Tunji-Ojo, who spoke on Politics Today, a Channels Television current affairs programme, on Thursday, said there was an urgent need for stronger collaboration between the Federal Government and states to improve the country’s correctional services.

According to him, while states are legally entitled to operate their own correctional centres, the burden of managing inmates — most of whom are state offenders — currently falls on the Federal Government.

“We can work out a synergy. States that want to have their own correctional centres, by law, they’re entitled to have it, and the federal too. But we must also understand that about 72 per cent of our inmates are state offenders and about 67 per cent or so are awaiting trial,” he said.

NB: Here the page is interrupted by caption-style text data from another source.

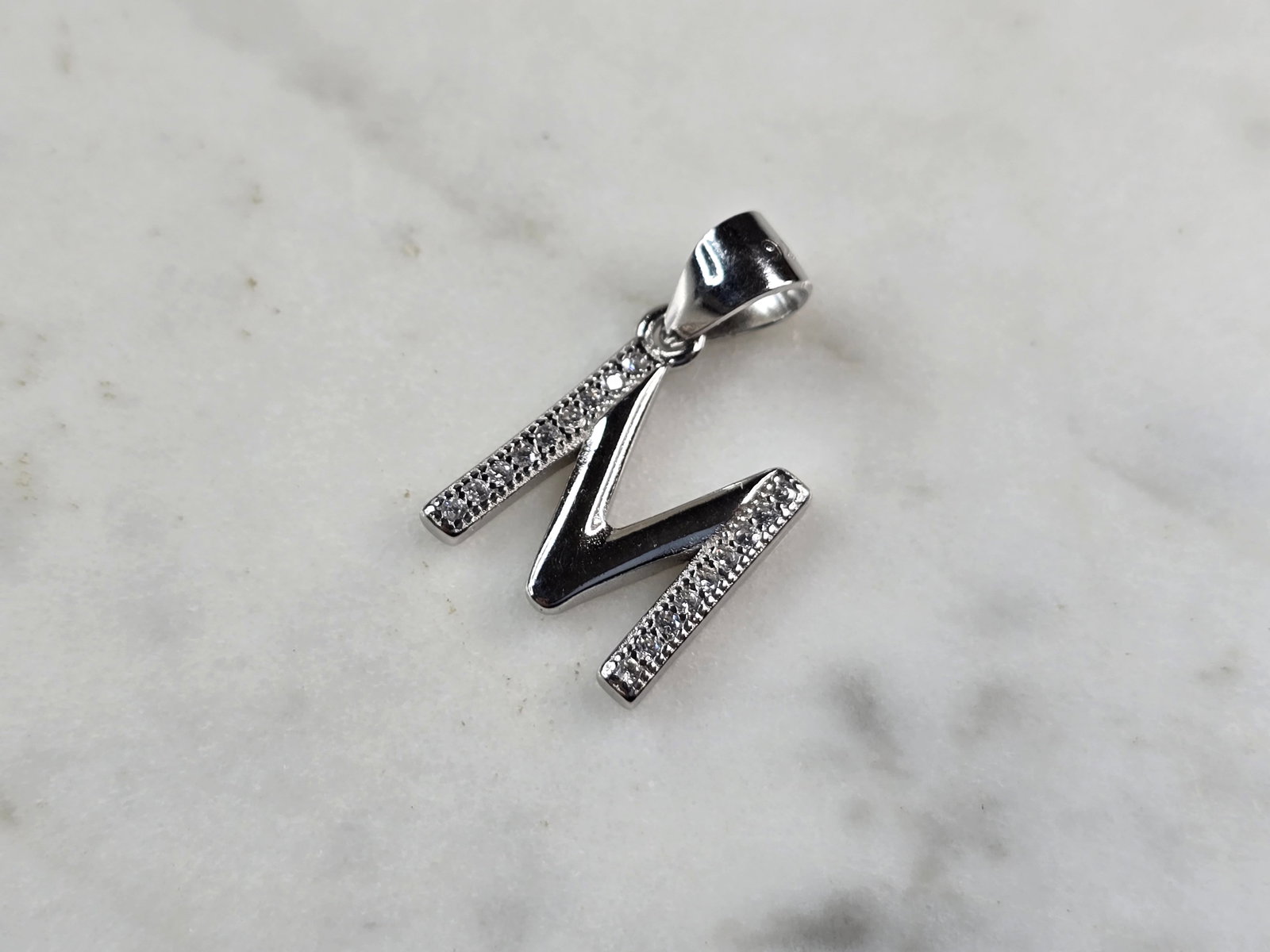 Womens Vintage Estate Sterling Silver CZ Letter "M" Pendant: FOR SALE IS THIS WOMENS VINTAGE ESTATE STERLING SILVER CZ LETTER "M" PENDANT. PENDANT WEIGHS 1.5g AND PENDANT MEASURES 3/4" LONG BY 1/2" WIDE. MAKES A GREAT GIFT FOR THAT SOMEONE SPECIAL. IF ANY QUEST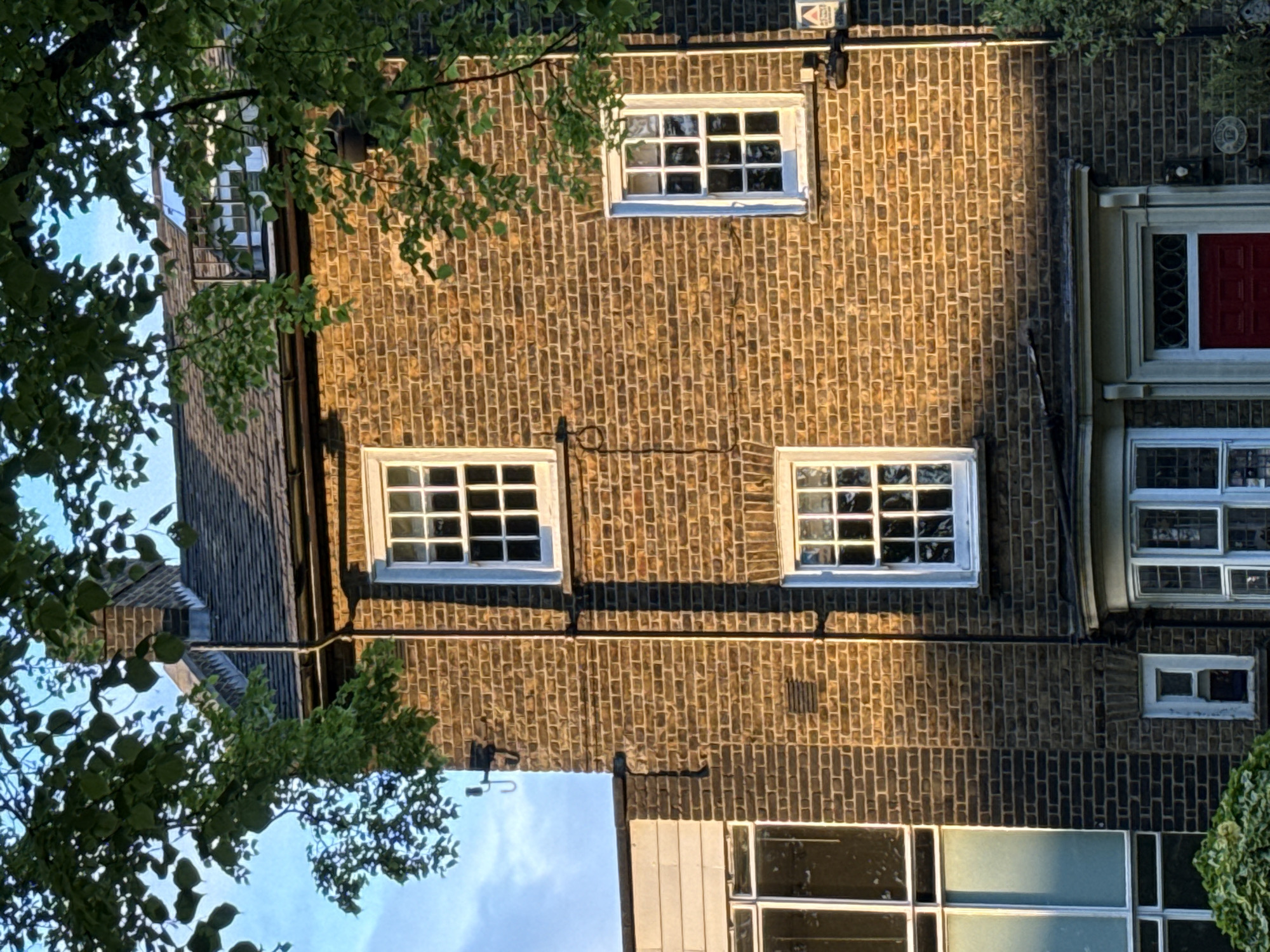 A medium, slightly-tilted, outdoor shot depicts a section of a brick-built building in an urban environment, potentially in London, United Kingdom. The building features multiple windows of varying sizes, most with white frames and divided panes. The brickwork is dark brown with subtle variations in tone, suggesting age and weathering. A black horizontal pipe runs across the brick facade, near the bottom of the shot.
Green foliage, possibly from trees, frames the left and upper edges of the image, partially obscuring the building. The sky is visible in the lower left corner, suggesting a sunny day.
The photograph displays a typical architectural style and design elements found in many residential and commercial buildings in London.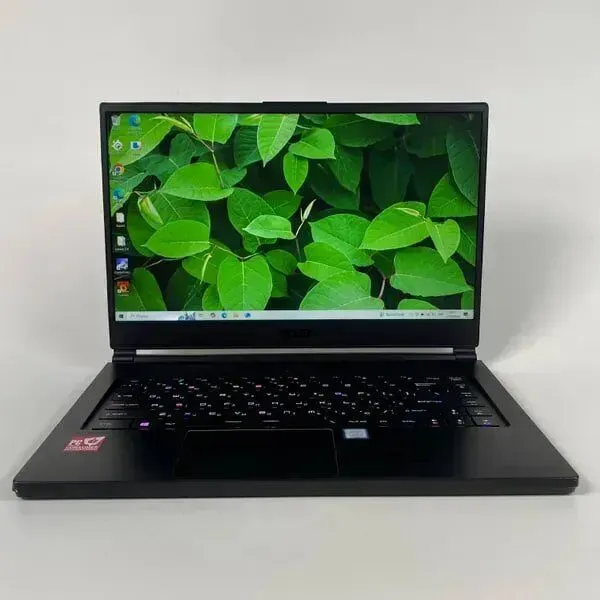 Ігровий ноутбук Б-клас MSI GS65 Stealth Thin 8RF / 15.6" (1920x1080) IPS / Intel Core i7-8750H (6 (12) ядер по 2.2 - 4.1 GHz) / 16 GB DDR4 / 512 GB SSD / nVidia GeForce GTX 1070 Max-Q, 8 GB GDDR5, 256-bit / WebCam б/в - зображення 2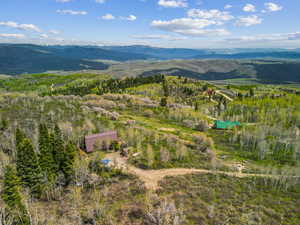 Aerial view of property and surrounding area featuring mountains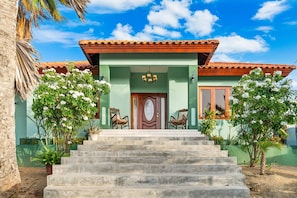 A two-story house with a green facade, a wooden door, and a set of stairs leading to the entrance. - Alto Vista 107-h (Noord)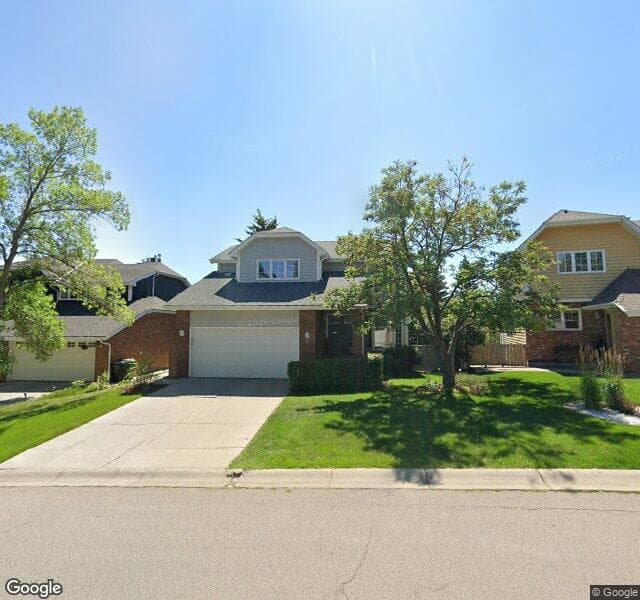 Street view of 32 Stradwick Way SW, Calgary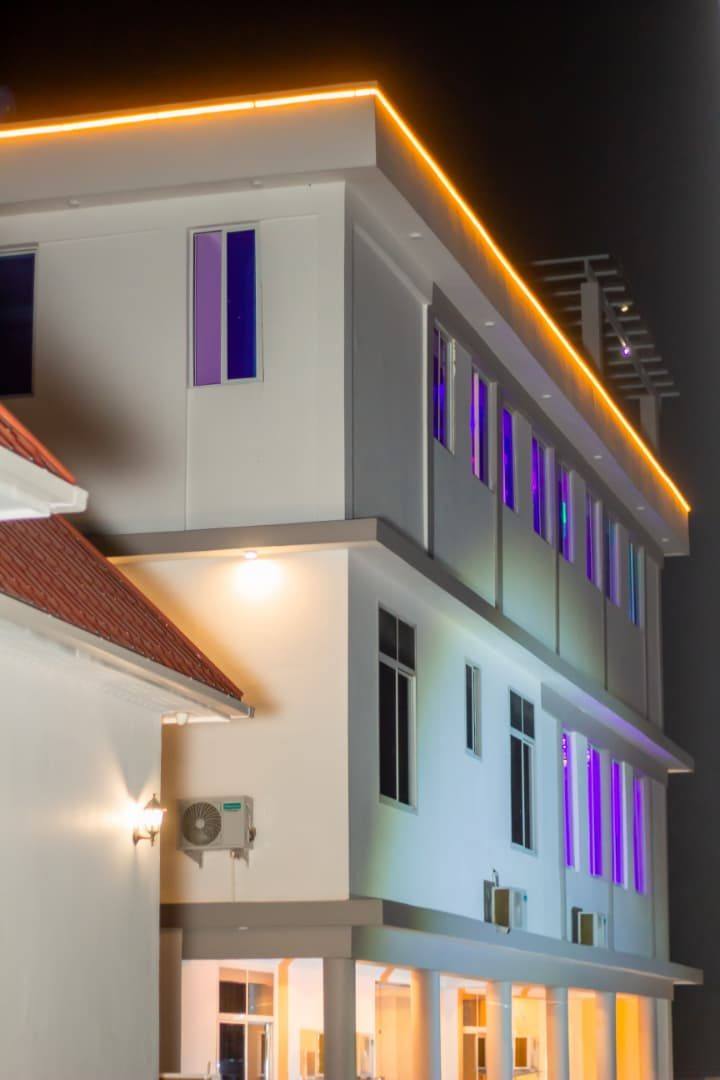 The upper floors of Moonlight Hotel picked out in coloured light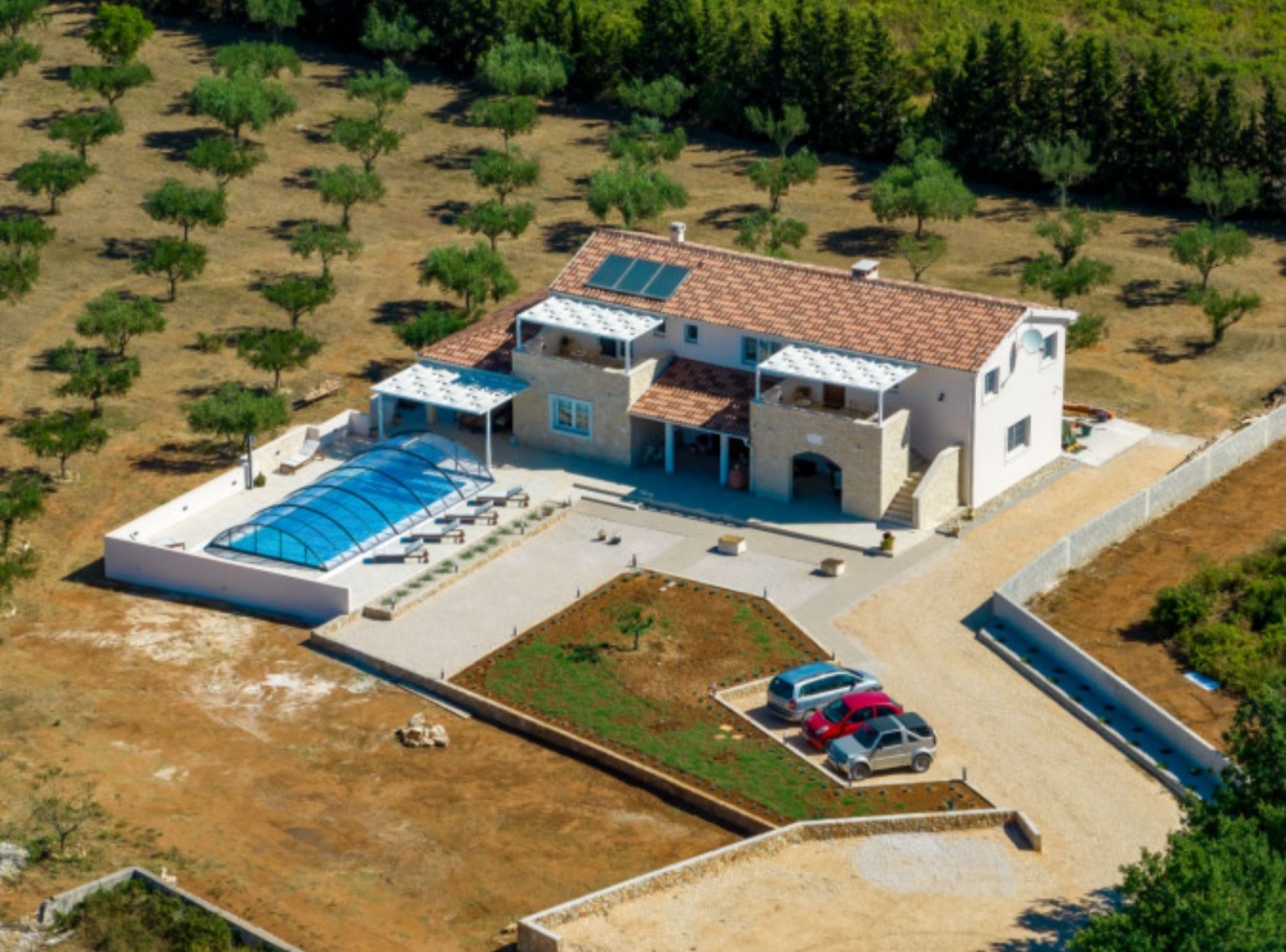 Vista aérea de una villa moderna con piscina, varias habitaciones para huéspedes y un patio cubierto.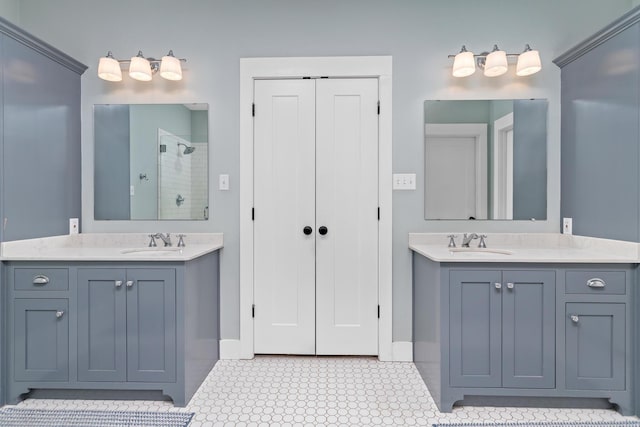 bathroom with walk in shower and vanity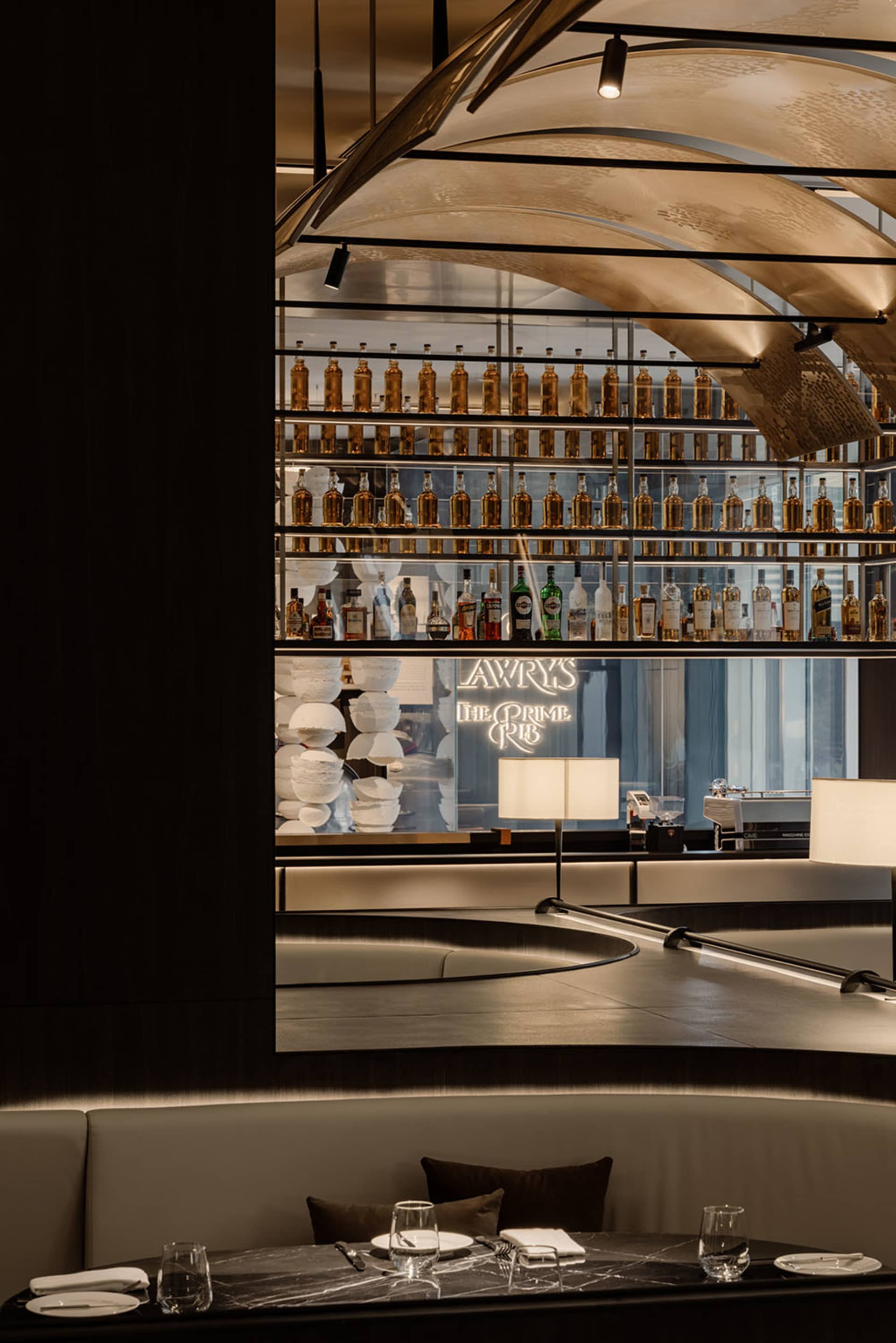 Industrial design restaurant interior with metal shelves, glass bottles, and marble tables.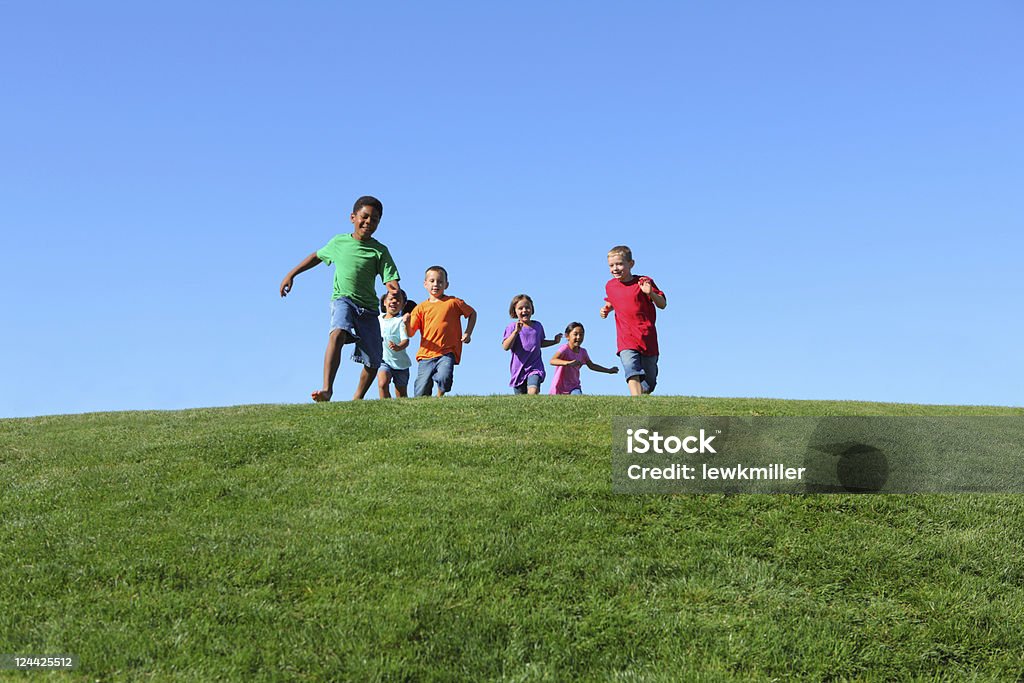 Group of multi-ethnic kids running together Group of multi-ethnic kids running together, on grass hill with blue sky Child Stock Photo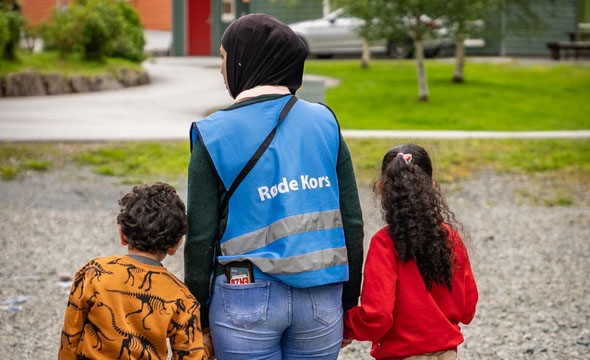 Bildet viser Hiba som held to barn i hendene.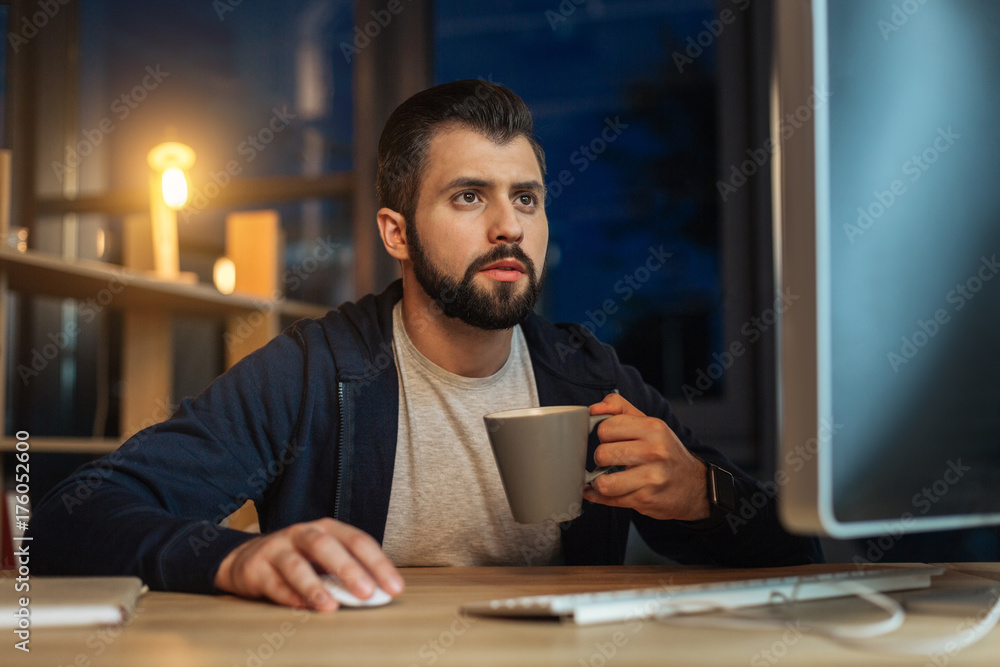 Concentrated brunette being at work in the evening Concentrated brunette being at work in the evening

“So it means two-thirds are state offenders, but the Federal Government is the one taking responsibility now. I don’t like to shift blame. As Mr. President will always say, ‘We were elected to produce results, not to make excuses.’ We will interface with our governors and come together to have a shared strategy towards solving these correctional problems.”

The minister also recalled that in July, the Federal Government freed 4,550 offenders after a review targeting inmates held for minor, bailable offences and those with prolonged incarceration, as part of efforts to decongest correctional centres.

He noted that the administration of President Bola Tinubu was determined to reposition the correctional system despite the poor state in which it was inherited in 2023.

“But I need to put it on record that this particular administration has done a lot in the last two years in terms of putting resources and trying to make sure that we fix our correctional centres,” he added.